But you raise a good point. The only other mitigating factor there is a house is not just an investment. You live in them. We buy houses to live in. The whole idea that this is somehow an investment thing, I think has taken a disproportionate amount of the conversation.
That's because some people tell stories about getting rich off of it. Everybody thinks that's the way to get rich. It's a widely held belief, which is why we're recording this podcast, to point out it doesn't always work out well, easily, or in every location.
Josh Sheluk
Yeah.

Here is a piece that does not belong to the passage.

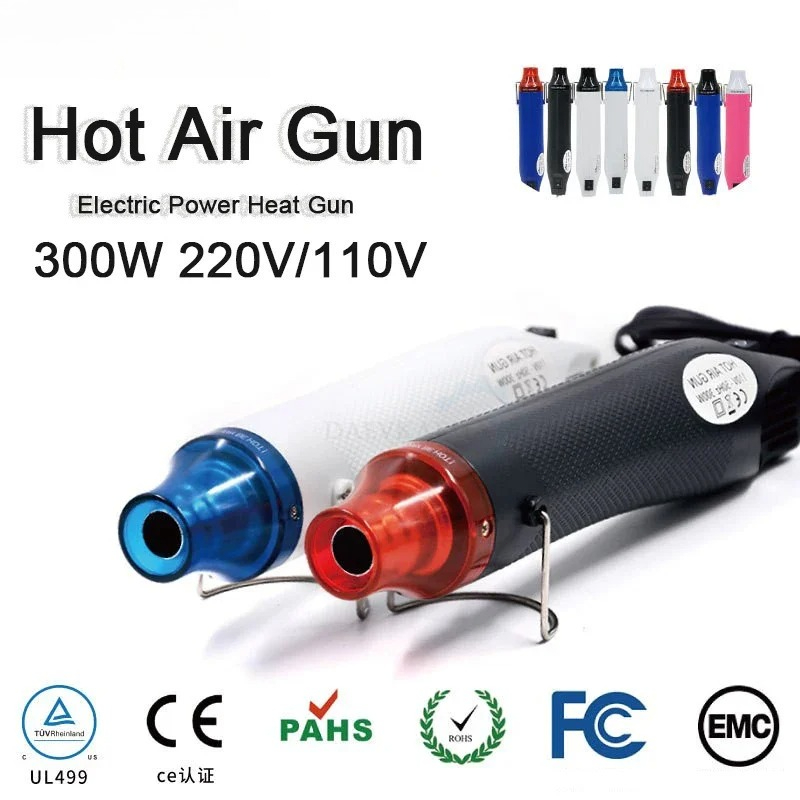 Mini pistolet à air chaud 110V - Resin Art Heat Gun avis et prix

It seems like it's been really a frustrating couple years for buyers, because on the one hand, the prices were too high and going up, up, up, up, and they had to stick their neck out to buy something. Now, prices are coming down, and they're getting all giddy. But then they look at their interest rates on the mortgage potentially, and they're like, "Oh. Well, I'm not in any better position now." I feel for those people, because it's just been that type of couple years. It's been very frustrating.
Colin White
Josh, you are those people. That's why you feel for those people. It's very clear exactly where you are in the whole groups of people think.
Josh Sheluk
We know that. But I went in eyes wide open, knowing that I was going to buy at the top.
Colin White
Yeah. No. Flip back to previous podcasts and us making comments on how that's just fine. I'll send you on a treasure hunt, because that podcast is out there.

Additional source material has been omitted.